To export a shape to a PNG file, use:
curv -o foo.png [options] foo.curv
Use the -v flag to get progress and render time information written to stderr.
This exports a rectangular image of everything inside of the shape's bounding box. Pixels outside the shape's boundary are set to white by default (see Background Colour below).
The size of the image in pixels is determined by command line options:
-O xsize=<width of image in pixels> -O ysize=<height of image in pixels>
These are both optional.
- If one of these values is specified, the other value is computed so as to preserve the aspect ratio of the shape's bounding box.
- If neither is specified, the aspect ratio is preserved and the larger dimension is set to 500 pixels.
- If both
xsizeandysizeare specified, then the shape is "letterboxed" inside the image, adding a horizontal or vertical white border if necessary to preserve the shape's aspect ratio.
You can control the bounding box, and add a border around the shape, by writing Curv code. For example, to export a unit circle with a border thickness of 0.1:
let shape = circle; in shape >> set_bbox [shape.bbox[MIN]-0.1, shape.bbox[MAX]+0.1]
The results are similar to creating a screen shot of the Viewer window.
- If neither
xsizenorysizeis specified, the image size defaults to 500×500 pixels. - If exactly one is specified, you get a square image.
There are no options yet for controlling the camera position,
so for now I modify the source code:
I rotate the shape and shrink the bbox using set_bbox to zoom in.
The command line option:
-O bg=<colour>
sets the background colour for 2D and 3D image export. It defaults to white.
<colour> is a Curv colour expression.
For example, try -Obg=black.
See shapes/Colour.rst for more colour expressions.

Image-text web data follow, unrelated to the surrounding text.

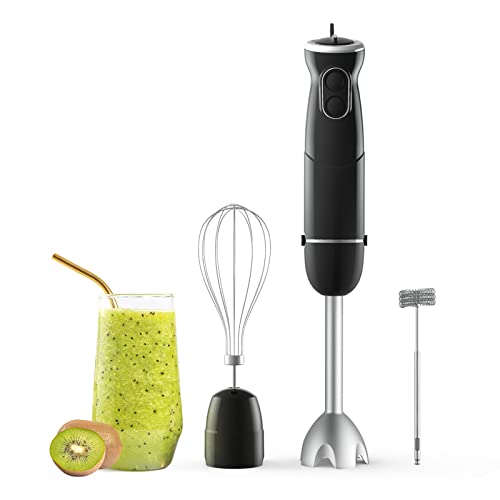 Hand Blender 3 in 1, 600W Immersion Hand Blender for Kitchen 6-Speed Electric Stick Handheld Blender with Turbo Function, Include Stainless Steel Whisk, Milk Frother Attachments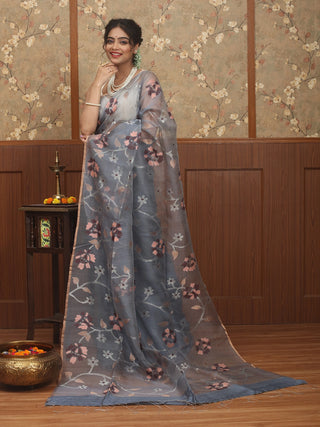 Slate Grey Pure Bengal Matka Silk and Muslin Half-and-Half Bengal Handloom Saree with Floral Jamdani Weaves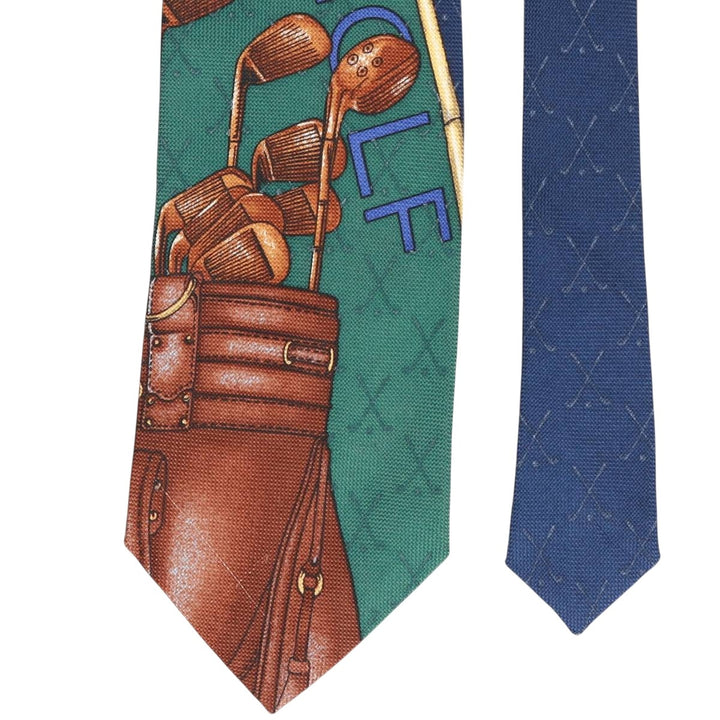 90'S Ralph Lauren POLO by Ralph Lauren all-over print tie, made in the USA, vintage. silk navy blue type Vintage Second Hand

By default, images are exported using 4× spatial antialiasing. This provides good results in most cases. You can override this using:
-O aa=<supersampling factor>
where 1 means no anti-aliasing.
You can export a single frame from an animation of a time varying shape by using:
-O fstart=<frame start time, in seconds>
fstart defaults to 0.
If you want to make an animated GIF or a video file, then you can export a PNG image sequence using these options:
-O animate=<length of animation, in seconds> -O fdur=<animation frame duration, in seconds>
and by including a * in the name of the output file.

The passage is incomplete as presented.